Open vraag alsnog beantwoord
Dat artsen bereid zijn een foetus met een goed te verhelpen aandoening als een hazenlip te aborteren, bewijst opnieuw dat het begrip noodtoestand uiterst rekbaar is geworden en in Nederland volledig is uitgehold.
„De abortuswet functioneert redelijk tot goed.” Een commissie onder leiding van de Amsterdamse hoogleraar J. K. M. Gevers concludeerde dit vorig jaar, na de lang verwachte evaluatie van de in 1984 in werking getreden abortuswet. Zeker, mogelijke twijfel bij vrouwen werd niet altijd even goed onderkend. En, zo oordeelde de commissie, lang niet elke arts wist raad met abortusaanvragen van niet-westerse vrouwen. Toch was de commissie in zijn algemeenheid optimistisch. Huisartsen, klinieken en ziekenhuizen die abortussen mogen uitvoeren, leven de abortuswet over het algemeen goed na, aldus het rapport.Niet alleen in prolifekringen, maar ook daarbuiten rees de vraag op grond waarvan de commissie tot die slotsom was gekomen. Wat was er onderzocht? Wie had de commissie ondervraagd en waarom? Had de Evangelische Omroep in 1996 niet met een verborgen camera vastgelegd hoe een vrouw haar kind kon laten aborteren omdat de zwangerschap haar wintersportvakantie doorkruiste?
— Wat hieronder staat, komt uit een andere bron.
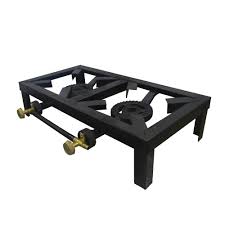 All models were at least 18 years old when they were photographed. Fogao Industrial 2 Bocas De Mesa Ferro Fundido 20x20 Alta Pressao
En had abortusarts Florian Willems niet kort voor het verschijnen van het abortusrapport bevestigd dat een vrouw die een abortus wilde deze ongeacht haar motieven in Nederland gewoon kreeg?
„Voorzichtigheid is geboden”, erkende Gevers in een vraaggesprek met deze krant, „want we hebben er als onderzoekers niet bij gestaan op het moment dat in ziekenhuizen en klinieken de beslissingen vielen.” Maar voegde hij daar geruststellend aan toe: „Het onderzoek was diepgravend genoeg om te kunnen vaststellen dat hetgeen de wetgever in 1984 voor ogen stond goed werd nageleefd: de praktijk deed zowel recht aan de beschermwaardigheid van het ongeboren leven als aan het recht van de ongewenst zwangere vrouw.”
Een eerste aanwijzing dat de praktijk misschien toch iets minder rooskleurig is, is al aan te treffen in het rapport-Gevers zelf. Als klinieken namelijk tegen de regels in besloten tot een abortus voor het verstrijken van de wettelijk verplichte bedenktijd van vijf dagen, slaagden de onderzoekers er niet in de vraag te beantwoorden waarom. Hun vermoeden is dat dit gebeurt vanwege een ontstane noodsituatie, „maar alhoewel bij sommige vrouwen bijzondere omstandigheden zijn gebleken, is onvoldoende bekend of het artikel dat het aanroepen van de noodtoestand regelt correct is toegepast”, aldus het rapport.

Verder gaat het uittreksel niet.